Incessant news media reports about Republicans retaking Capitol Hill by routing Democrats in the November general election are inaccurate according to the third highest ranking Democrat in Congress, himself a former newspaper publisher.
House Majority Whip James Clyburn concedes Democrats will lose some seats on Capitol Hill but predicts Democrats will both retain and gain enough seats to maintain their majorities in the House and the Senate.
"When you go district by district instead of using a broad Inside-the-Beltway analysis you see Democrats faring well," said Rep Clyburn during a Monday September 20th meeting with the Editoriall Board of The Philadelphia Tribune newspaper.

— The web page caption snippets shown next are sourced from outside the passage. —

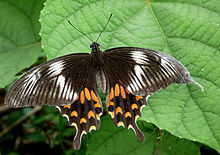 Papilio polytes has 3 forms with differing wing patterns, here the "Romulus" morph. Reginald Punnett argued that this polymorphism demonstrated discontinuous evolution. However, Ronald Fisher showed that this could have arisen by small changes in additional modifier genes. Common Mormon Papilio polytes Female Form Romulus by kadavoor.jpg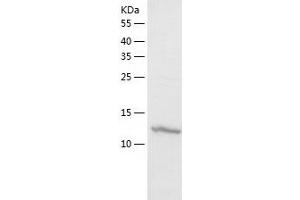 Western Blotting (WB) image for Ribosomal Protein L26 (RPL26) (AA 1-145) protein (His tag) (ABIN7124883) (RPL26 Protein (AA 1-145) (His tag))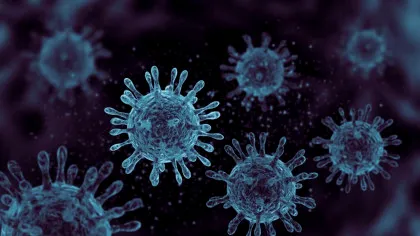 Oamenii de știință au descoperit un virus gigantic care se reproduce într-un mod complet unic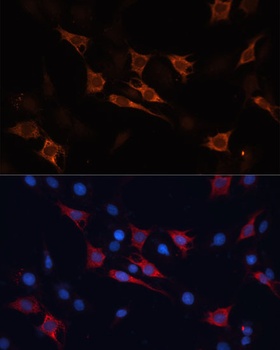 HSP70 Antibody
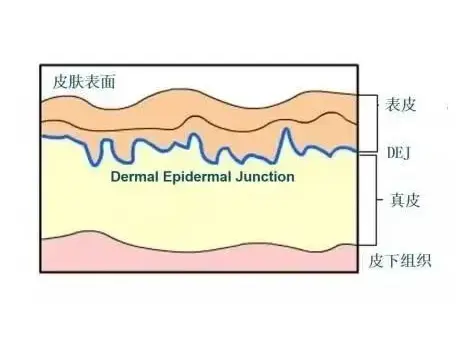 Hexapeptide-9 Hexapeptide-9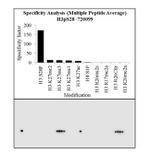 Phospho-Histone H3 (Ser28) Antibody in Peptide array (ARRAY)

Three days later, Clyburn, upon emerging from an election campaign strategy meeting at the White House, said Democrats could lose as many as twenty seats in the House but will maintain control with a 234-211 seat margin over Republicans.
For months predictions from press pundits and pollsters have painted a picture of Republicans snatching control of Capitol Hill by trouncing Democrats in November.
Where many analysts see a political tsunami washing away Democrats, the political tea leaves read by Clyburn and others point to a different outcome.
"There are a number of districts around the country where Republicans represent districts with Democratic majorities and this will change," predicted Clyburn, who represents South Carolina's 6th District that includes the state's capital of Columbia.
"For example, Joe Garcia is ahead in Florida and Cedric Richmond is leading in New Orleans," Clyburn said during a wide-ranging interview at the Tribune. Clyburn co-founded the now defunct Coastal Times weekly newspaper in Charleston, SC.
Philadelphia Congressman Chaka Fattah, who joined Clyburn for the Tribune E-Board interview, also declared that Democrats "will not lose the House or the Senate" using a similar calculus to Clyburn's.
While partisan self-interest definitely drives this electoral perspective of Clyburn, Fattah and others, emerging evidence seems to support their point of view.
A recent article in the London-based Economist examining the race in Louisiana's 2nd congressional district pitting incumbent Republican David Cao (the first Vietnamese-American to serve in that body) against state legislator Cedric Richmond stated, "Mr. Cao will have a tough time retaining the seat."
Recent polls show Democrat Joe Garcia leading GOP candidate David Riveria in Florida's 25th Congressional District, which is a seat now held by a Republican.
Results from a recent non-partisan Battleground Poll conducted by Politico and George Washington University found a virtual tie among respondents when asked which party they planned to vote for in November.
Clyburn cited Pennsylvania's hotly contested 6th Congressional District. In this district that stretches from the Philadelphia border west into Reading Republican incumbent Jim Gerlach faces a surging challenge from Iraq War veteran Manan Trivedi who has tightened the race that pundits once called a walk-away for Gerlach.
Early last month the Gerlach campaign created a stink by sniping at Trivedi, a medical doctor, for relying on the Indian-American community for his campaign funds. Reviews of campaign finance records showed Trivedi receiving less than one-third of his funding from that ethnic community with Gerlach getting an embarrassing 90% of his PAC money from out-of-state sources.
However, in another hotly contested Pennsylvania race, Democrat incumbent and Iraq War veteran Patrick Murphy is battling an offensive from Republican Mike Fitzpatrick who formerly held that 8th Congressional District seat in suburban Philadelphia. Polls place Fitzpatrick over a dozen points ahead.